** Task to carry out **
All lines from the one that contains "Salute, by Canaletto" through the close of the entries below are to be repeated exactly, without any pictures.

Stored data:
'''
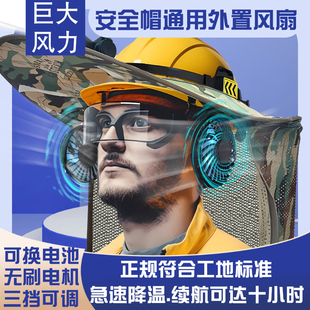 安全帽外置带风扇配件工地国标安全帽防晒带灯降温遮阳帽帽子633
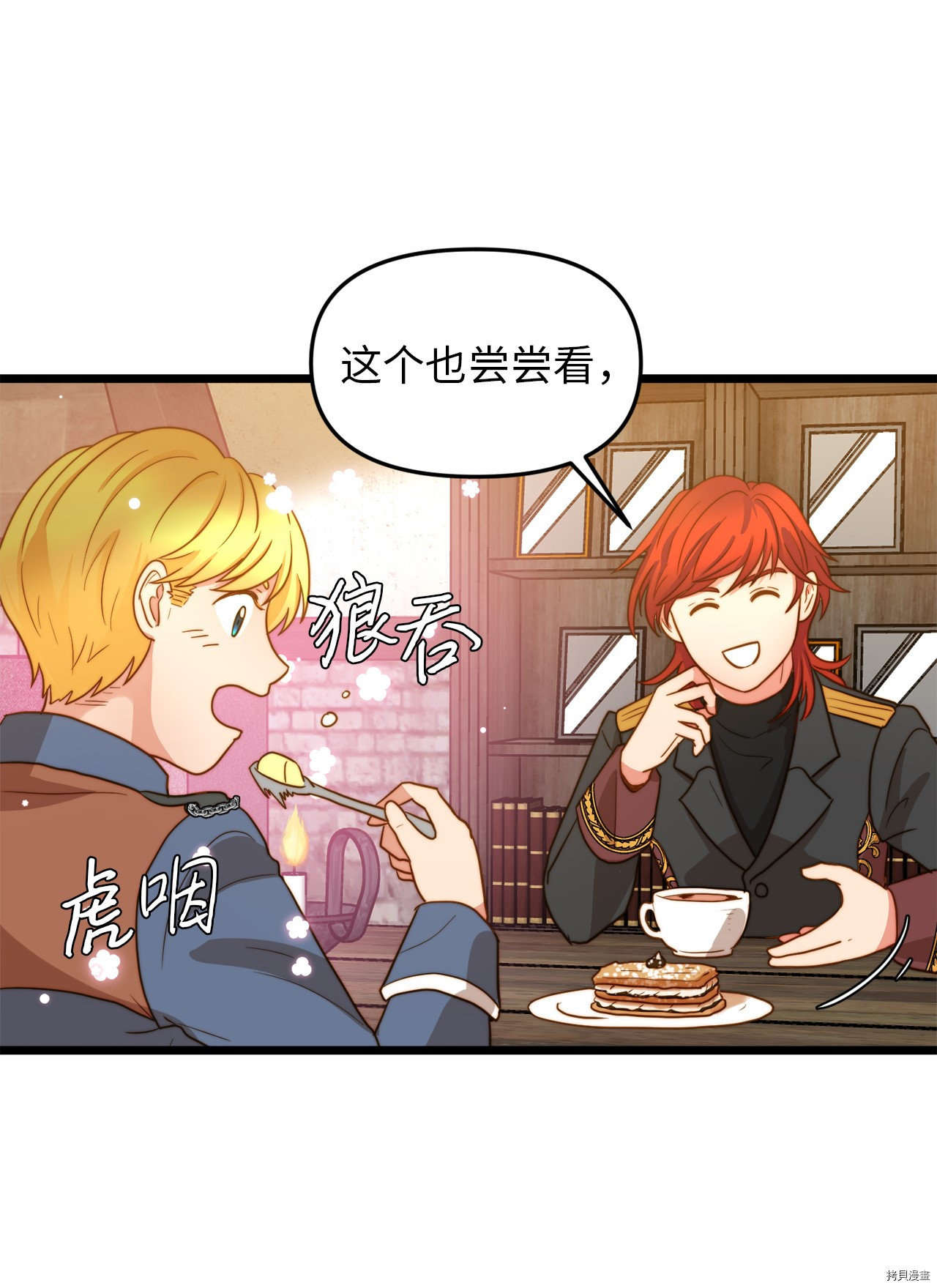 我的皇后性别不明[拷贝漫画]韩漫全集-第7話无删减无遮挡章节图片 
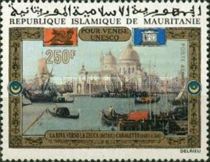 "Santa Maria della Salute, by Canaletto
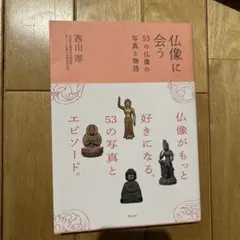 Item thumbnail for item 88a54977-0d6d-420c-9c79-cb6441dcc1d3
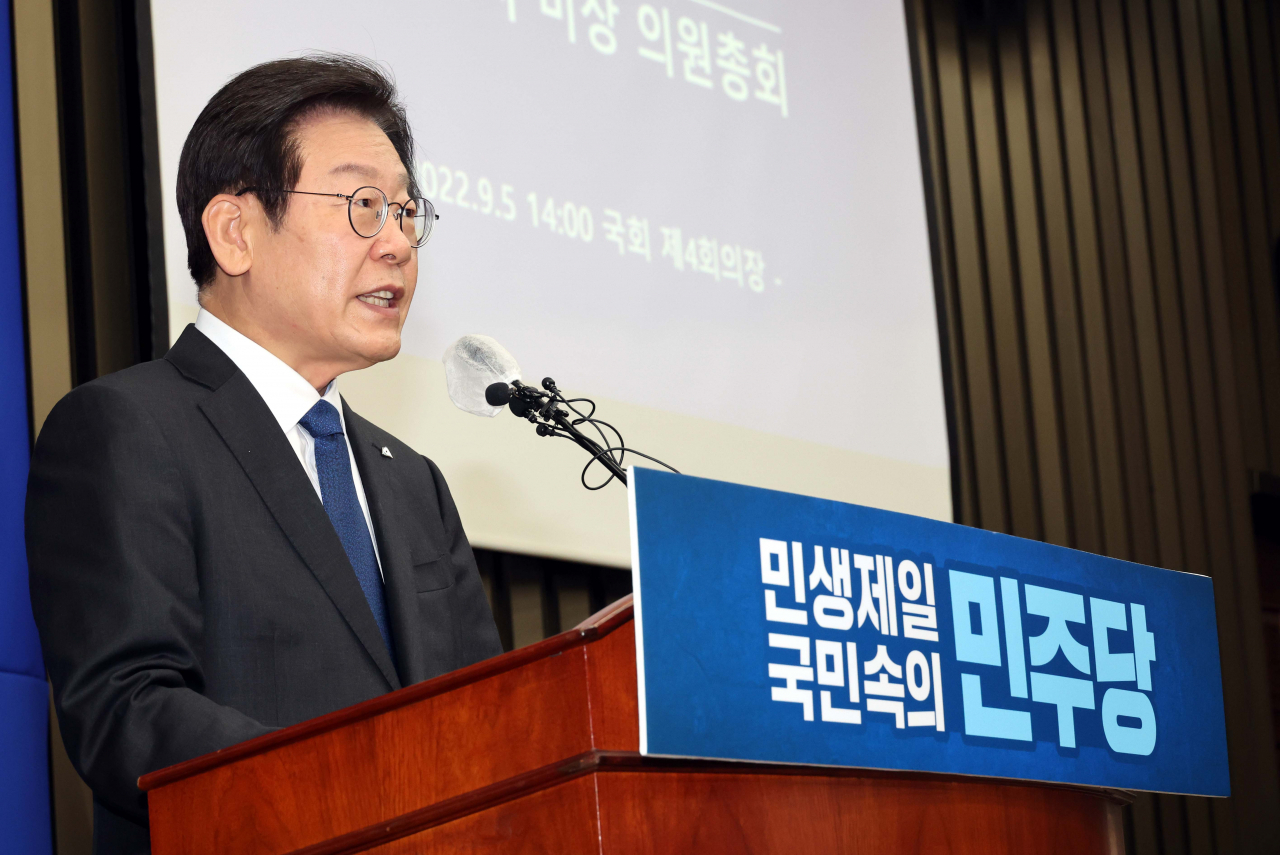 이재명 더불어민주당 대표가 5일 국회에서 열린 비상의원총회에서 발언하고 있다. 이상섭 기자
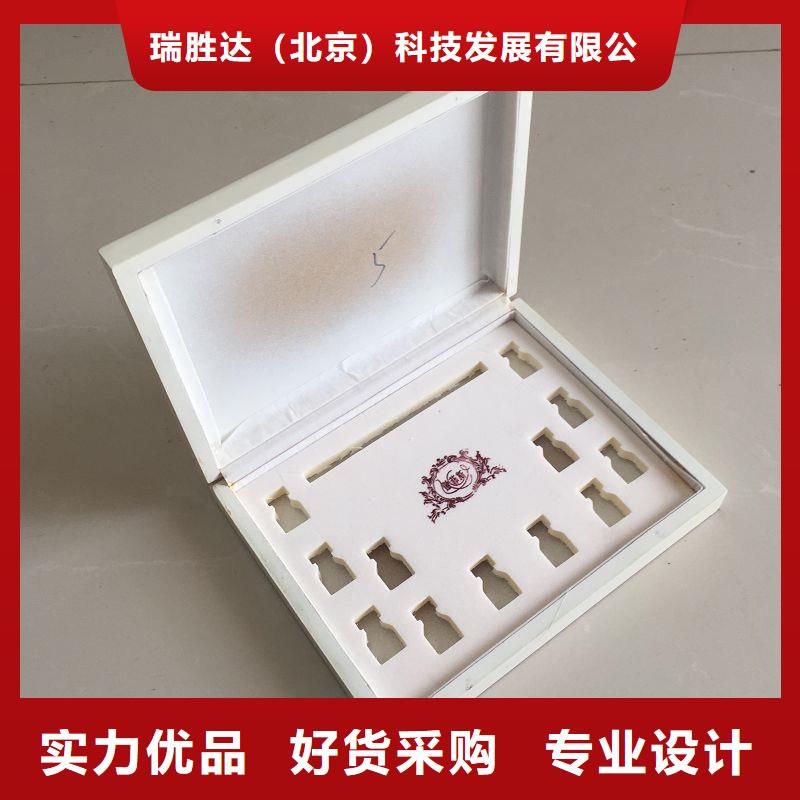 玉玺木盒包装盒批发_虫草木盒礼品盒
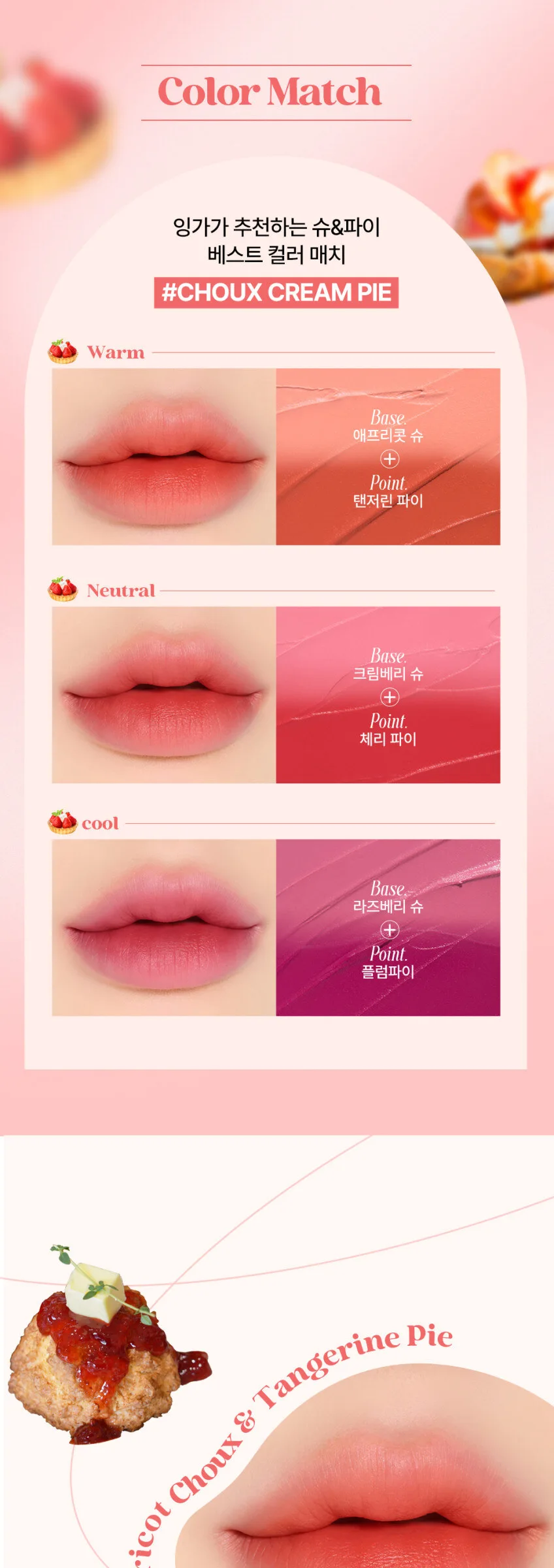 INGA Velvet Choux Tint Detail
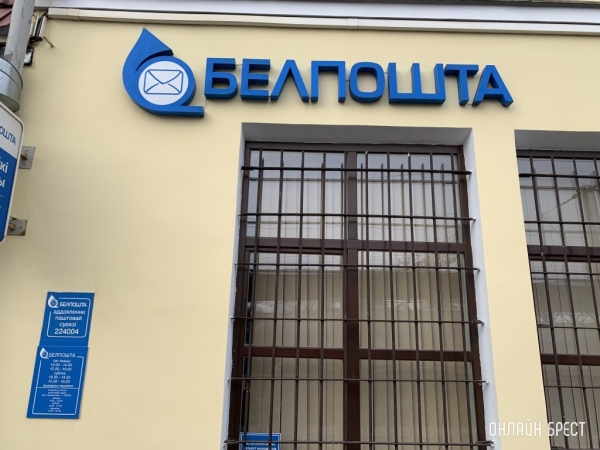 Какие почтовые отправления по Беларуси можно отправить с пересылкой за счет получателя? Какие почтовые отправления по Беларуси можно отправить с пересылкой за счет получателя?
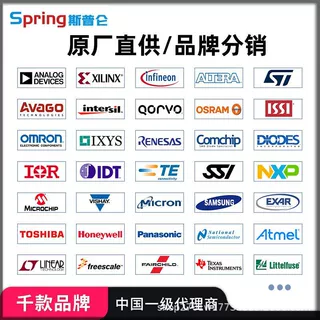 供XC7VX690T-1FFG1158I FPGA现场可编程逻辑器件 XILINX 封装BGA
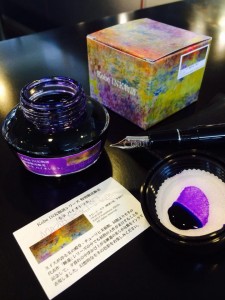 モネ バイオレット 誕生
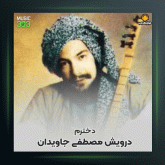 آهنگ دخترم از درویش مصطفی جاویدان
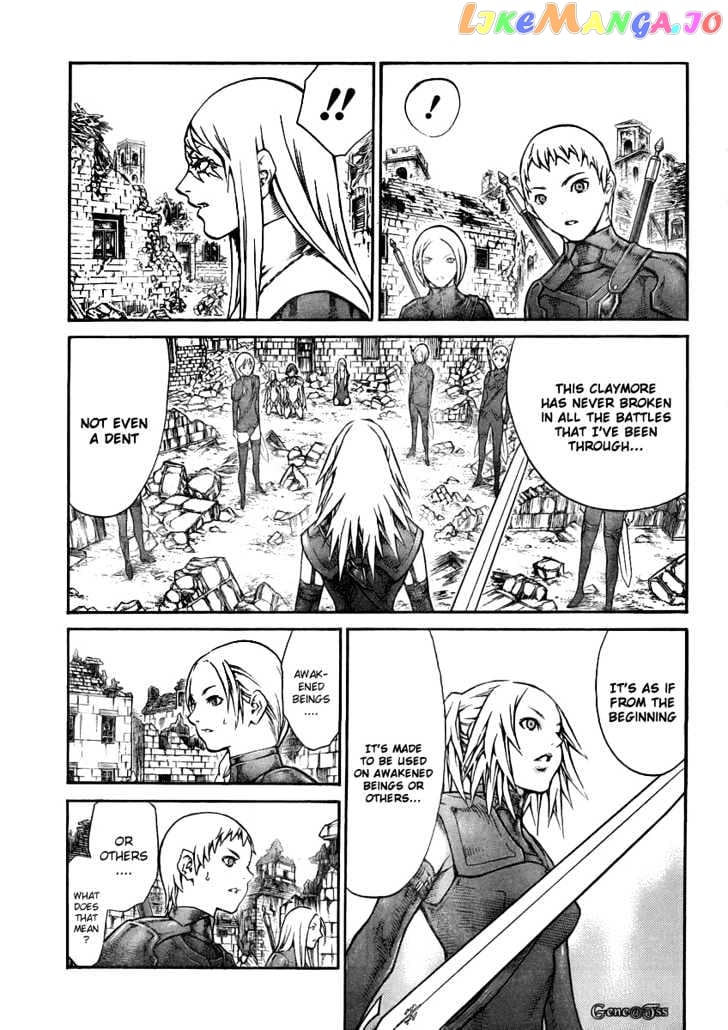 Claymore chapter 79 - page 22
'''
** Your response **
 "Santa Maria della Salute, by Canaletto
 Item thumbnail for item 88a54977-0d6d-420c-9c79-cb6441dcc1d3
 이재명 더불어민주당 대표가 5일 국회에서 열린 비상의원총회에서 발언하고 있다. 이상섭 기자
 玉玺木盒包装盒批发_虫草木盒礼品盒
 INGA Velvet Choux Tint Detail
 Какие почтовые отправления по Беларуси можно отправить с пересылкой за счет получателя? Какие почтовые отправления по Беларуси можно отправить с пересылкой за счет получателя?
 供XC7VX690T-1FFG1158I FPGA现场可编程逻辑器件 XILINX 封装BGA
 モネ バイオレット 誕生
 آهنگ دخترم از درویش مصطفی جاویدان
 Claymore chapter 79 - page 22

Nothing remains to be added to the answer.